Monday, June 29, 2009

Is religion to blame for oppressive governments? Part 3


Many of us, when we look at the history of the West, see a timeline something like the above.

But history tells us that, rather than supressing the development of modern societies, Christianity, combined with the best of Greek thought and pagan traditions, fostered it, slowly but steadily. Some historical highlights:
  • Slavery was as common in the Roman Empire as personal shrines to Vesta, and few thought twice about it; your average Roman probably rather enjoyed watching them get mauled by lions. But from early on, Christians made efforts to improve the lives of slaves and to put an end to the dehumanizing gladiatorial contests. By the 10th century A.D, when Europe began to regain some of its stability, slavery was made illegal by canon law (the law of the Church) and was reduced throughout much of Europe in the following centuries, including Eastern Europe, which had been one of the centres of the slave trade (the word "slave" comes from "Slav"). The European slave trade would, of course, return with a vengeance in the 17th century; the efforts of abolitionists, many of them deeply religious, helped bring about the end of the slavery in the British Empire in 1833, and the end of slavery in the U.S in 1865.

  • Christians defied emperors by simply being Christians, and Christianity always existed in a state of tension with Imperial authority. Even after the persecutions stopped, the tensions continued, and this proved to be healthy on more than one occasion. When the emperor Theodosius exercised what he thought was his imperial prerogative to order the massacre of thousands of people after an insurrection in Thessalonica, St. Ambrose took him to task by forcing him to do public penance. And the Church frequently pushed for the power it needed to be free from government influence. Bishops were eventually exempted from civic duties so as not to interfere with their spiritual tasks, an early separation of the secular and the spiritual.

  • St. Augustine further emphasized Christianity's non-political nature in his work City of God, arguing that Christians should focus on spirituality rather than earthly power (unfortunately, his words were not always heeded).

  • St. Thomas Aquinas argued that it is just for people to overthrow tyrants, and that government authority should be limited by moral law; governments cannot legitimately force people to act immorally. He also elaborated on the idea, inherent in Christian theology, that the ends don't justify the means; a government can't commit unjust and violent acts to bring about some good.

  • Warfare became more humane through the Middle Ages. Raping, pillaging, and plundering were no longer tolerated (though unfortunately for a long time this mainly applied to other Christian lands) and enemy non-combatants were not to be harmed. Violent people like the Vikings became less so after conversion.

  • The Renaissance and enlightenment thinkers who developed the ideas of rights, liberty, and limited government were standing on a foundation built by efforts of the Byzantines, who preserved many ancient texts, and of the monks who laboriously copied ancient texts by hand, and of the scholars and theologians who engaged with the ideas of the ancients, developing many of their own in the process. It was the medievals, too, who were responsible for the universities in which many later thinkers were educated.

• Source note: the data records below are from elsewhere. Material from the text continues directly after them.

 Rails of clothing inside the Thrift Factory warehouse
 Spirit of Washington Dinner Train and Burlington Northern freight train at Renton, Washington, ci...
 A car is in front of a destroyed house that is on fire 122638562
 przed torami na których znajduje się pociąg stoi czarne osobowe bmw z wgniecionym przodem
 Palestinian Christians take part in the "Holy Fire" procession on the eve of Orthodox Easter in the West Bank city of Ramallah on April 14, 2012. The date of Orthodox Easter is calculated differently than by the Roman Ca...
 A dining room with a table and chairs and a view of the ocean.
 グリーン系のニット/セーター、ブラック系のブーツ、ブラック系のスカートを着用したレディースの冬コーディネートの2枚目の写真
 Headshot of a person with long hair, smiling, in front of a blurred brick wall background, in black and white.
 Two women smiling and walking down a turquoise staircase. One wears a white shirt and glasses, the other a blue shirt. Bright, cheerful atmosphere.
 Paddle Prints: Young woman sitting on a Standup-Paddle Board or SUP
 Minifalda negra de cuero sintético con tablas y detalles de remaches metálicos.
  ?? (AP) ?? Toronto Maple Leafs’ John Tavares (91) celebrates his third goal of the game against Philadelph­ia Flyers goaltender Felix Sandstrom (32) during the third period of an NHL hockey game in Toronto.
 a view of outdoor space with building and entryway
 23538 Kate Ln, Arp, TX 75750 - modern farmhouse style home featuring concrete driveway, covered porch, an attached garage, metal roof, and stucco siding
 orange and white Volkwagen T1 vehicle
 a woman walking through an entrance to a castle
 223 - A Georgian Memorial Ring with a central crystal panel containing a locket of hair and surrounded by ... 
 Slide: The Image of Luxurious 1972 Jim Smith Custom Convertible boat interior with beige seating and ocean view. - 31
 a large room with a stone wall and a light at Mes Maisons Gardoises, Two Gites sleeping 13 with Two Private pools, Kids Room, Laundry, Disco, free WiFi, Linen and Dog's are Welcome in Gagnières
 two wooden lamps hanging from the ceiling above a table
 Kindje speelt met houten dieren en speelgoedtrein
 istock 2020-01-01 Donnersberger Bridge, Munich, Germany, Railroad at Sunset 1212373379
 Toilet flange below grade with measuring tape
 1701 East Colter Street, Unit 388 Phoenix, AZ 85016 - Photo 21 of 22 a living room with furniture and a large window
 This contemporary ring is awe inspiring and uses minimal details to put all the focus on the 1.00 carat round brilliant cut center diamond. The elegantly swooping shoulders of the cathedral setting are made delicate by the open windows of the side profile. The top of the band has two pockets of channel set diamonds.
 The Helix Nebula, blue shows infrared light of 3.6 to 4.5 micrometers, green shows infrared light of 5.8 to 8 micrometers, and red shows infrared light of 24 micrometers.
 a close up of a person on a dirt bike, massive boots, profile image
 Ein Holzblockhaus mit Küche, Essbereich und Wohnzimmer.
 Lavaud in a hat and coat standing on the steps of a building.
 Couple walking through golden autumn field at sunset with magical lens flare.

  • The Reformers increased literacy. They pressed for the translation of the Bible into local languages, and encouraged people to learn to read it. The Puritans of New England set up the first public schools for this purpose, and generations of children were taught to read scripture by their parents. By mid-19th century, the U.S would be the most literate nation on earth.

  • The Protestant spirit encouraged the kind of democracy that developed in America, the world's first and most successful modern democracy, emphasizing individuality, freedom of conscience, and a sort of egalitarianism in that all people were, in spiritual matters, on equal footing. Some even went so far as to flatten church hierarchy. The Puritans and Baptists developed a democratic form of church government that even included separation of power between the clergy and the laity that they brought with them to America; they also brought their belief in signing a contract to make authority legitimate, and set up the first representative democracy in the country.

And finally, there is that belief, expressed so eloquently in the Declaration of Independence, that our rights and our dignity don't come from any human government, but from our Creator. They can't be taken away, and if the government tries to, it is our right and our duty to defy them; the government cannot even temporarily strip these things away to bring about some good, which, even in our free democratic societies, it so often tries to do. Only time will tell if the foundation that has been built for us, and thus our freedom, can be sustained, or if it will crumble, leaving us prey to the tyrannies that have been so much a part of human history.